I don’t think Polkinghorne can persuade many people that such words fit science. Certainly not me, even while I agree with Ryan about the telos in the universe.
Instead of assaulting science in a way that destroys his own credibility like Polkinghorne does, Ryan’s approach is much better at accomplishing the objective of assuring people that life and the universe have meaning. What I remember him writing here more than once is something like: the very fact that we seem so programmed to search for meaning and beauty is highly suggestive. Even Camus agrees with that.
Science doesn’t claim to have morality. Nor should it. It’s a tool set, rules, guidelines and a methodology.
Morality only enters the scientific realm when it is mistaken for an ends rather than a means.
I suggest reading Galileo’s letter to the Grand Duchess, it is a beautiful description of what the role of science is and the role of the church is.
Perfect, freely available on the net.
http://www.fordham.edu/halsall/mod/galileo-tuscany.html
I certainly wasn’t drawn to the quote because I thought it was disparaging of (much less prejudiced against!) science. Polkinghorne is a scientist, after all. Presumably he thinks reasonably highly about the endeavor. I think he is simply drawing attention to the limits of science in a cultural context that tends to think that if a scientific story can be told about some feature or other of life on this planet it has therefore “explained” said feature without remainder (John Haught refers to this as a tendency toward “explanatory monism”).
I do not interpret the phrase “ontological poverty” negatively; I see Polkinghorne as simply pointing out that just because meaning and value cannot be discovered by science (which, again, is no slight against science—it’s just not the tool for the job), it does not mean that they do not exist.
(I love the Camus quote by the way. I’d rather read Camus and Polkinghorne than choose between them :).)
Yes, I know that what you saw in this quote is that it “isolates an important dimension of the conversation,” the dimension of value, as Polkinghorne called it.
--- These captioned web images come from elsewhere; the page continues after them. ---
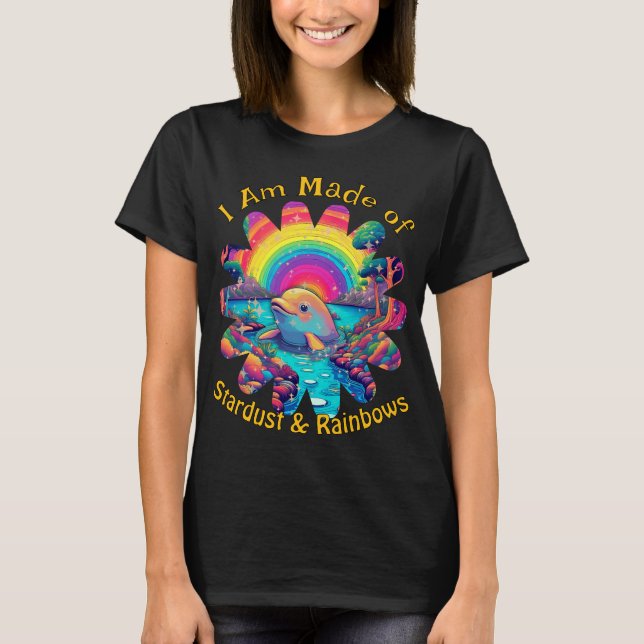 Camiseta Stardust Rainbows Dolphin Psychedelic Ocean Vibes (Frente)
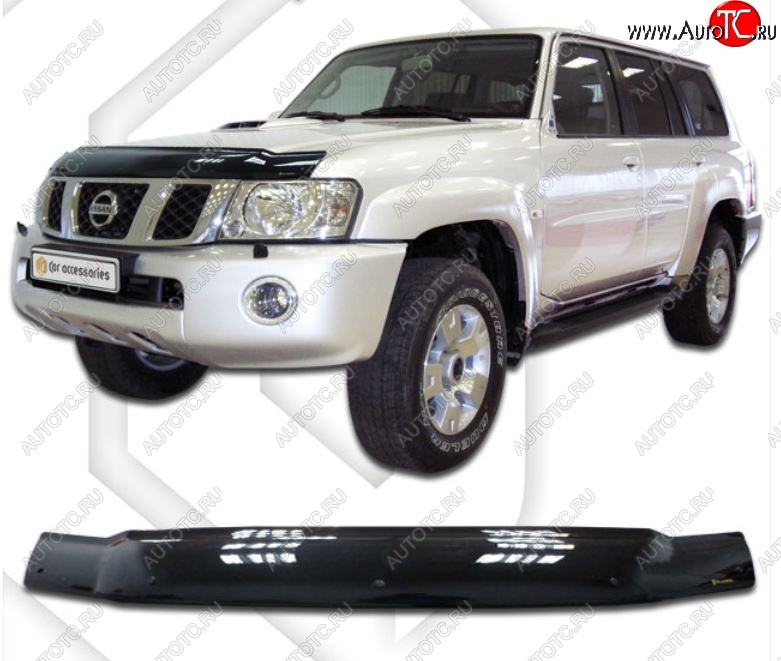 2 069 р. Дефлектор капота CA-Plastiс  Nissan Patrol  5 (2004-2010) Y61 2-ой рестайлинг (Classic черный, Без надписи)  с доставкой в г. Тамбов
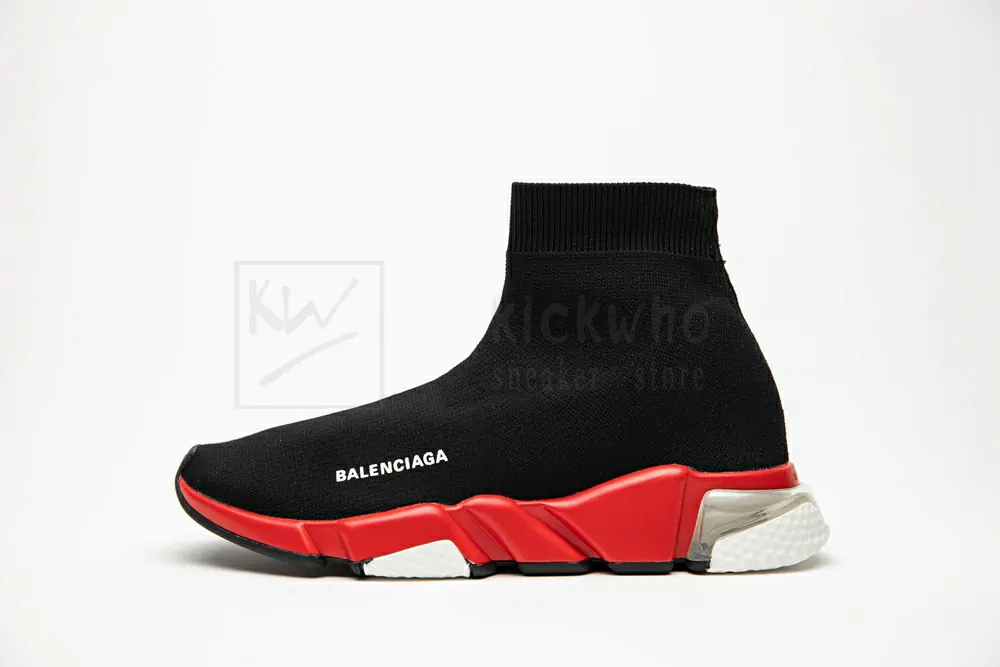 balenciaga speed clear sole black red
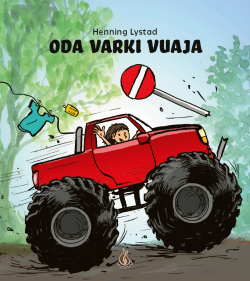 Bokomslag av en jente som sitter i en rød terrengbil.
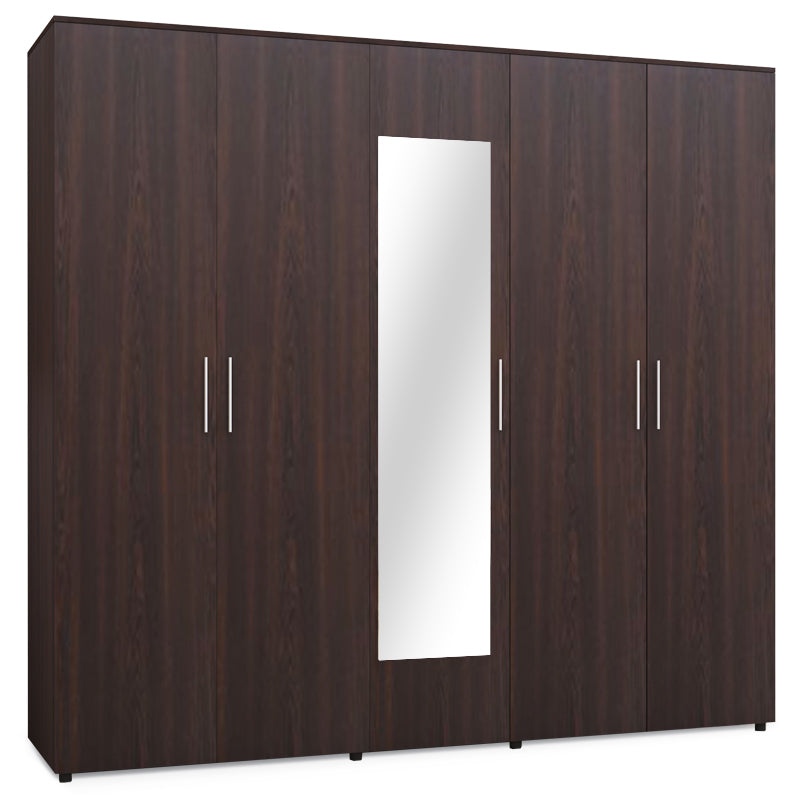 Five-door wardrobe Luna pakoworld  with mirror in wenge color 220x52x200cm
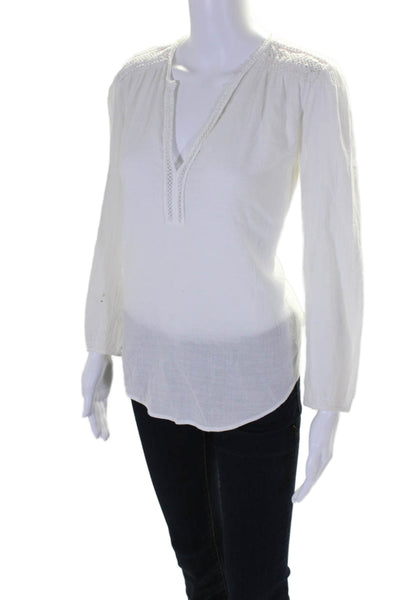 Rebecca Taylor Womens Cotton V-Neck Long Sleeve Pullover Blouse Top White Size 8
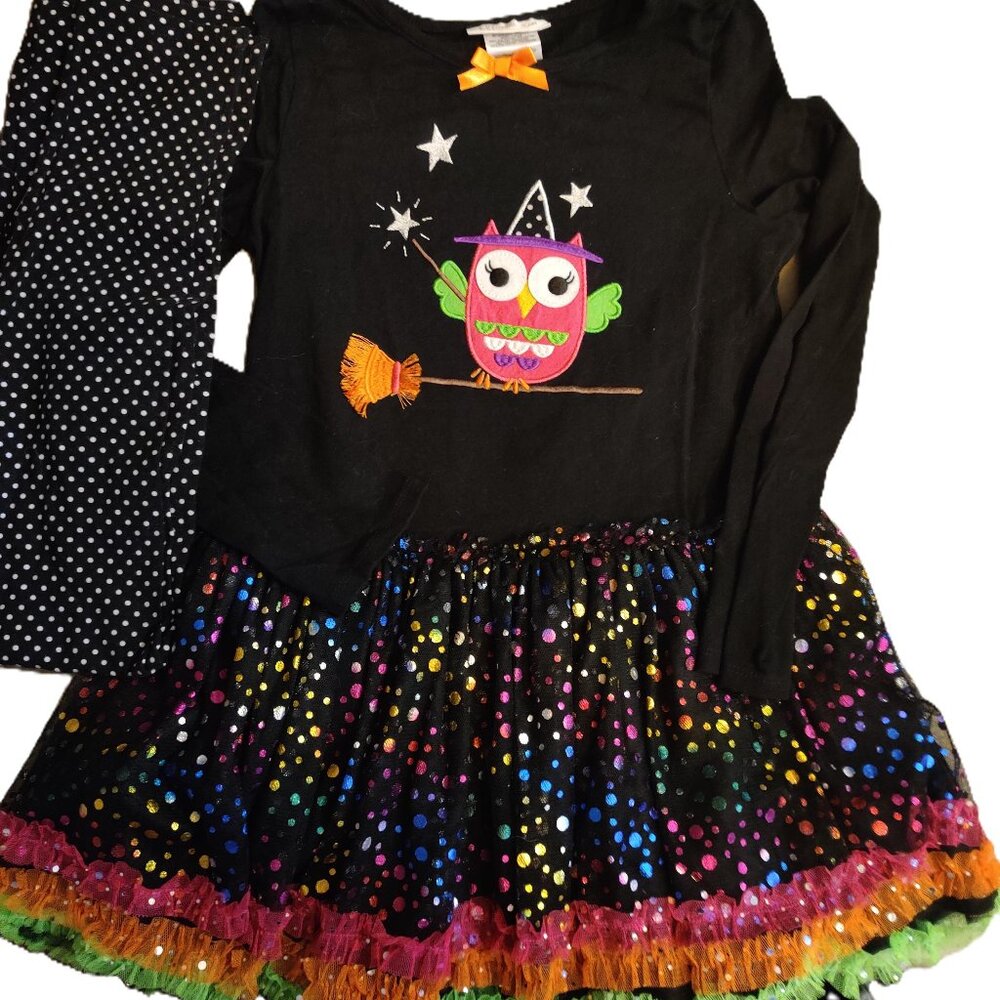 Bonnie Jean Halloween Witchy Set - Dress & Leggings -- Size 10 Girls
It does. And, let me say it again, I think you say it better than he does, you isolate it better than he does.
I think Thomas Kuhn does a better job of explaining the boundaries of science.
Well, I still think you’re being a bit hard on Polkinghorne, but thank you for the kind words.
You’re right, Thomas Kuhn is very good on these matters as well.
Ken,
It almost seems as if you find Darwin’s views “suffused with value.” Why else would you defend them so vigorously? It seems like you’re demonstrating the exact point that Polkinghorne is making about the aesthetic appreciation for truth (i.e. it’s better to believe Darwin than Polkinghorne because Darwin is closer to “the truth”).
Even if you’re convinced of Darwinism as an ideology you still have to answer the question of how “valueless” processes produced creatures who virtually cannot think or speak without conferring value.
I think you may be referring to my sentence in a comment several levels above that says: “Darwin’s theory that natural selection is the main agent of evolution is an example of an account of reality that works quite well that says that the world is not suffused with value.” When I wrote that I was thinking about how natural selection is indifferent to goodness and evil.
I would not say that I am “convinced of Darwinism as an ideology.” I would say instead that Darwin’s argument that natural selection is the primary agent that explains the origin of species is persuasive to me and to many other people. That theory is the scientific paradigm of our day. Under that theory, natural selection is considered sufficient to explain why we confer value, even though the process of evolution itself is indifferent. The theory is that conferring value has enhanced the survival of humanity or, at least, it did not inhibit it.
To me this points toward the deep incoherence at the heart of a Darwinism (recognizing the key difference between science and ideology): we are forced to reduce every feature of human experience to the realm of adaptive utility.
We may need to use words like “value” or “goodness” or “love” or “beauty” in the normal course of our lives but these things are not what they appear to be. They are really nothing more than illusions foisted upon us by an amoral process of natural selection. I can’t see a way to avoid pure nihilism if this is taken to be true.
This kind of ideology eventually devours itself because it gives no basis for relying on our brains to tell us the truth about anything. All you can trust your brain for is to give you whatever illusions are necessary for your survival. If things like value and love and beauty are illusions, so is rationality.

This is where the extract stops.